Caramel-coated apples aren’t a health threat unless they aren’t properly stored in a refrigerator and the sticks are introduced on the spot.
Last year’s Listeria outbreak linked to caramel-coated apples took everyone by surprise. More importantly, it led to the death of seven people who had consumed the delicious treats and the hospitalization of another 35.
With this in mind, a team of researchers sought the reason behind the Listeria outbreak due to the typical holiday treats. In high-demand around holiday season, caramel-coated apples shouldn’t be the medium of bacterial growth. As they are quite acid by themselves, bacteria such as Listeria monocytogenes cannot thrive in this medium.
Yet, according to the study featuring in the mBio journal, it has no issues thriving in the apple juice resulted from the piercing with the very handy stick. Lead author Kathleen Glass from the University of Wisconsin-Madison, commented:
“The outbreak took producers, public health officials and food safety experts by surprise: caramel-coated apples are not a food on which Listeria monocytogenes should grow”.
As such, the research team took the laboratory setting to understand what drives Granny Smith apples (used in their experiment) in becoming a nursery for the dangerous bacteria.
No infection was detected initially. Upon coating the apples, the researchers kept one batch as such. A second batch was pierced with the easy handle sticks. Then, each batch was split in two. One part went to the refrigerator, while the second was left at room temperature.

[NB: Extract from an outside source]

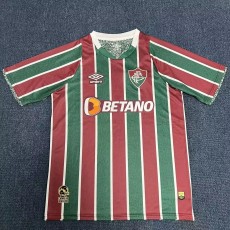 2024/25 Fluminense Home Green Fans Soccer jersey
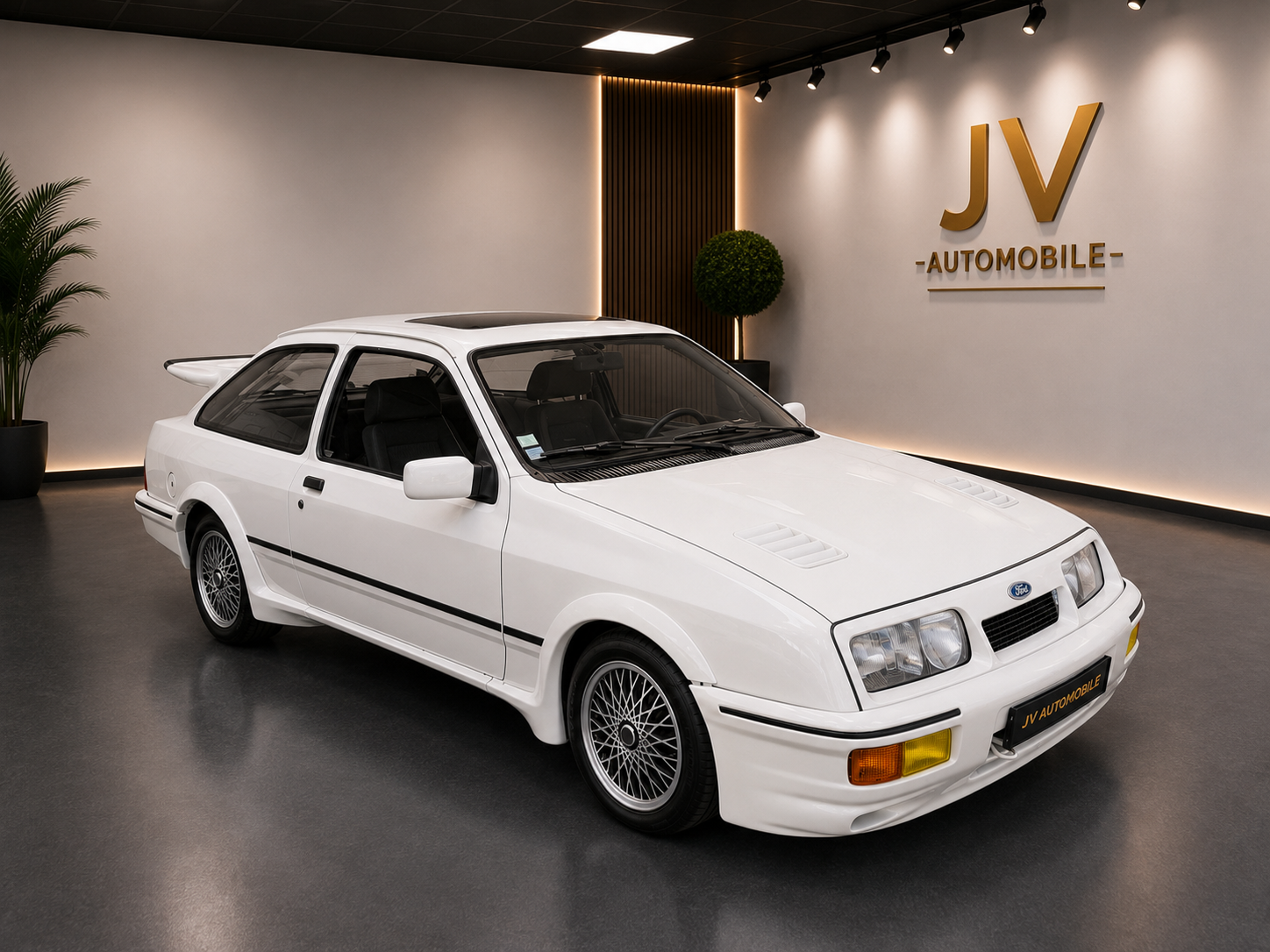 Sierra RS Cosworth 4×2 204ch – ETAT COLLECTION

Upon analysing all batches, the researchers concluded that apples and caramel-coated apples aren’t a health threat until they are pierced, leading the juice to form a welcoming environment for bacterial growth.
The refrigerated caramel-coated apples that had been pierced showed signs of Listeria developing. The pierced ones left at the temperature of the room were found to be the most attractive for Listeria development.
As such, if you’re looking to avoid the possibility of being infected with the dangerous bacteria due to consuming caramel-coated apples, keep in mind that it is the exposed juice due to the piercing that ups the risk.